Žižek points out that the language of proverbial wisdom has no content. ‘If one says, “Forget about the afterlife, about the Elsewhere, seize the day, enjoy life fully here and now, it’s the only life you’ve got!” it sounds deep. If one says exactly the opposite (“Do not get trapped in the illusory and vain pleasures of earthly life; money, power, and passions are all destined to vanish into thin air – think about eternity!”), it also sounds deep.’ The same goes here. Whatever you say, it can still sound woke. Why?
Some right-wing critics have argued that the reason for all this contradiction is that the people making these demands want to boss their white allies around, but don’t know what they actually want from them. (Malcolm X with his cold hard stare, and a word: Nothing.) It’s a form of lashing out, a way to extract obedience for its own sake. If you think this, you don’t understand a thing. You have a layer of toilet bleach surrounding your brain. Look closer. What you’re reading is a menu. Good evening sir, ma’am – what would you like to be forbidden today? If you like, I could tell you not to empathise with black people. Or would sir prefer to be cautioned against leading chants at a rally? We have a specials list of phrases that aren’t for you this week…

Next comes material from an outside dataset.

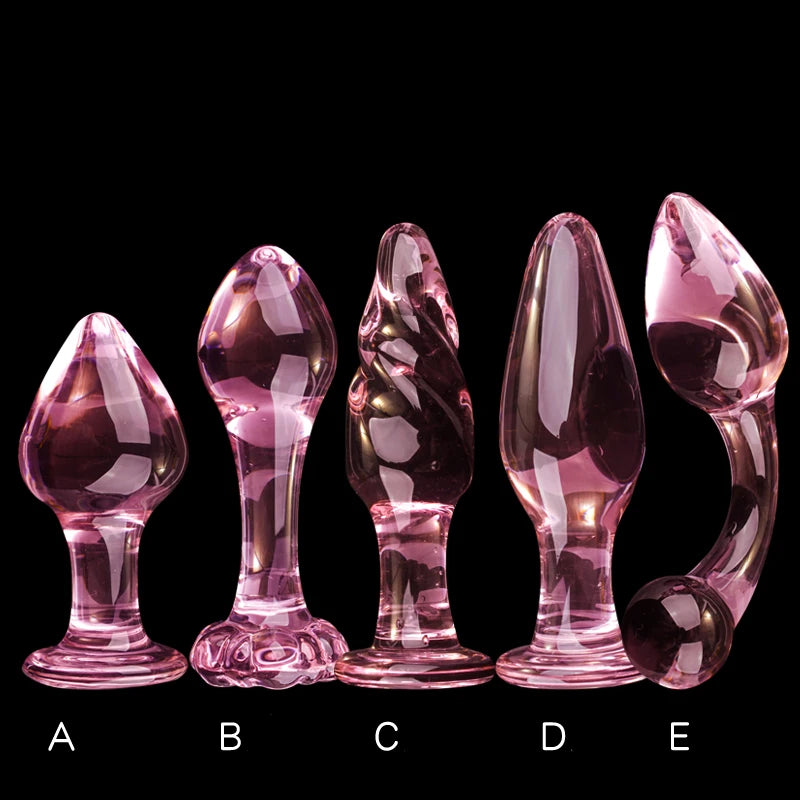Candiway Exquisite Pink Crystal Glass Anal Plug Adult Masturbation Products Prostate Massager Erotic Toys For Couple (5 Styles) luvshop24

This stuff is masochism, pleasure-seeking, full of erotic charge – and as Freud saw, the masochist’s desire is always primary and prior; it’s always the submissive partner who’s in charge of any relationship. Masochism is a technology of power. Setting the limits, defining the punishments they’d like to receive, dehumanising and instrumentalising the sadistic partner throughout. The sadist works to humiliate and degrade their partner, to make them feel something – everything for the other! And meanwhile, the masochist luxuriates in their own degradation – everything for myself! You’re just the robotic hand that hits me. When non-white people get involved in these discourses, they’re always at the mercy of their white audiences, the ones for whom they perform, the ones they titillate and entertain. A system for subjecting liberation movements to the fickle desires of the white bourgeoisie. Call it what it is. This is white supremacy; these scolding lists are white supremacist screeds.
But systems of white supremacy have never been in the interests of most whites (‘Labour cannot emancipate itself in the white skin when in the black it is branded’), and they have never really fostered any solidarity between whites. Look at the stories. I had a run-in with the police, you announce, and a black person might have died, but I’m fine, because I’m white. No – you’re fine because you’re white and rich. You’re fine because you look like someone who reviews cartoons for a dying online publication called The Daily Muffin, which is exactly what you are. Bald and covered in cat hair. Frameless glasses cutting a red wedge into the bridge of your nose. The white people who get gunned down by police don’t look like you. Their class position is stamped visibly on their face, and so is yours. And you’ve trained yourself to see any suffering they experience as nothing more than ugly Trump voters getting what they deserve.
Why aren’t there protests when a white person is murdered by police? Answer 1: because, as John Berger points out, ‘demonstrations are essentially urban in character.’ Native Americans are killed by cops at an even higher rate than black people, but this too tends to happen very far away from the cities and the cameras; it becomes invisible. Answer 2: because nobody cares about them. Not the right wing, who only pretend to care as a discursive gotcha when there’s a BLM protest. And definitely not you. Sectors of the white intelligentsia have spent the last decade trying to train you out of fellow-feeling. Cooley et al., 2019: learning about white privilege has no positive effect on empathy towards black people, but it is ‘associated with greater punishment/blame and fewer external attributions for a poor white person’s plight.’ A machine for turning nice socially-conscious liberals into callous free-market conservatives.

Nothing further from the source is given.